3.1 等待、通知机制
3.1.3 等待/通知机制的实现
wait()方法作用是让当前线程进行等待,wait是Object类的方法,用来将当前线程置入“预执行队列”中。在wait所在代码行处停止执行,直到接到通知或被中断为止。
调用wait()之前,线程必须获得该对象的对象级别锁,也就是只能在同步方法或同步块中调用wait()方法。
如果调用wait时线程没有持有适当的锁,则抛出IllegalMonitorStateException,它是RuntimeException的子类,不需要try-catch。
notify()方法也要在同步方法或同步块中调用,也需要线程的对象级别锁。
用来通知那些可能等待该对象的对象锁的其他线程,如果有多个线程等待,则由线程规划器随机挑出一个wait状态的线程,对其notify,让该线程得到对象锁。

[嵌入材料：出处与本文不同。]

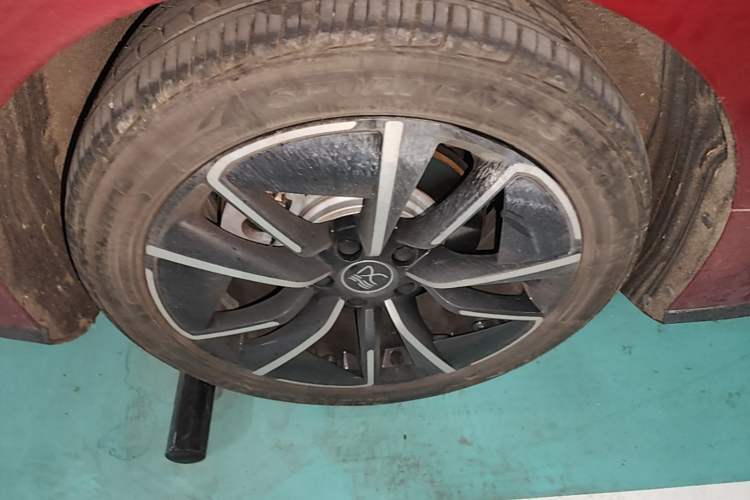 Used BYD Han 2020 EV Four-Wheel Drive High-Performance Flagship Model Right Rear Wheel Hub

执行notify()方法后,当前线程不会马上释放该对象锁,要等执行notify()方法的线程将程序执行完,退出synchronized代码块后,当前线程才会释放锁。
使线程等待
//这样会报错,没有对象监视器,也就是同步加锁
public class Test {
public static void main(String[] args){
try{
String str = new String("");
str.wait();
}catch(InterruptedException e){
e.printStackTrace();
}
}
}
public class Test {
public static void main(String[] args){
try{
String lock = new String();
synchronized(lock){
System.out.println("syn第一行");
lock.wait();
System.out.println("syn第二个");
}
}catch(InterruptedException e){
e.printStackTrace();
}
}
}
通知线程,使线程继续运行下去
public class Test {
public static void main(String[] args) {
Object lock = new Object(); //需要是同一个对象锁
ThreadA a= new ThreadA(lock);
a.start();
ThreadB b =new ThreadB(lock);
b.start();
}
}
class ThreadA extends Thread{
private Object lock;
public ThreadA(Object lock){
this.lock = lock;
}
public void run(){
try {
synchronized (lock){
System.out.println("开始 wait time:" + System.currentTimeMillis());
lock.wait();
System.out.println("结束 wait time:" + System.currentTimeMillis());
}
}catch (InterruptedException e){
e.printStackTrace();
}
}
}
class ThreadB extends Thread{
private Object lock;
public ThreadB(Object lock){
this.lock = lock;
}
public void run(){
synchronized (lock){
System.out.println("开始 notify time:" + System.currentTimeMillis());
lock.notify();
System.out.println("结束 notify time:" + System.currentTimeMillis());
}
}
}
/*
开始 wait time:1525527916728
开始 notify time:1525527916729
结束 notify time:1525527916729
结束 wait time:1525527916729
*/当线程被wait后,如果再被notify,代码就从wait()方法之后继续执行。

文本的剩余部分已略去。